▶ Material for this exercise:
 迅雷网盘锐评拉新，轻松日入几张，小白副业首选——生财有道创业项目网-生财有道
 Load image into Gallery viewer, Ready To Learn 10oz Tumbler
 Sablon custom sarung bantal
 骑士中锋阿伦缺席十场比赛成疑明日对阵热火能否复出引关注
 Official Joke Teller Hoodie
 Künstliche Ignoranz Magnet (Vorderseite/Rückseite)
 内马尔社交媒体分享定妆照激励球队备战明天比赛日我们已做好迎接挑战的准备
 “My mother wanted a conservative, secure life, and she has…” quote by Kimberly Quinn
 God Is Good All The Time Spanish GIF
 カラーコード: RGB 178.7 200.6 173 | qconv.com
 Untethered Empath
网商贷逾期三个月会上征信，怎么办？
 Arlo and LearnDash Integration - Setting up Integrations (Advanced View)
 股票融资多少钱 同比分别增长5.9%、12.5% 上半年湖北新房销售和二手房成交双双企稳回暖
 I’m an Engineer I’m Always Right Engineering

▶ Task instructions:
Reproduce, unchanged, the line containing "骑士中锋阿伦缺席十场比赛成疑明日对阵热火能否复出引关注" and each line after it through the end of the listing above, and nothing else.

▶ Written answer:
 骑士中锋阿伦缺席十场比赛成疑明日对阵热火能否复出引关注
 Official Joke Teller Hoodie
 Künstliche Ignoranz Magnet (Vorderseite/Rückseite)
 内马尔社交媒体分享定妆照激励球队备战明天比赛日我们已做好迎接挑战的准备
 “My mother wanted a conservative, secure life, and she has…” quote by Kimberly Quinn
 God Is Good All The Time Spanish GIF
 カラーコード: RGB 178.7 200.6 173 | qconv.com
 Untethered Empath
网商贷逾期三个月会上征信，怎么办？
 Arlo and LearnDash Integration - Setting up Integrations (Advanced View)
 股票融资多少钱 同比分别增长5.9%、12.5% 上半年湖北新房销售和二手房成交双双企稳回暖
 I’m an Engineer I’m Always Right Engineering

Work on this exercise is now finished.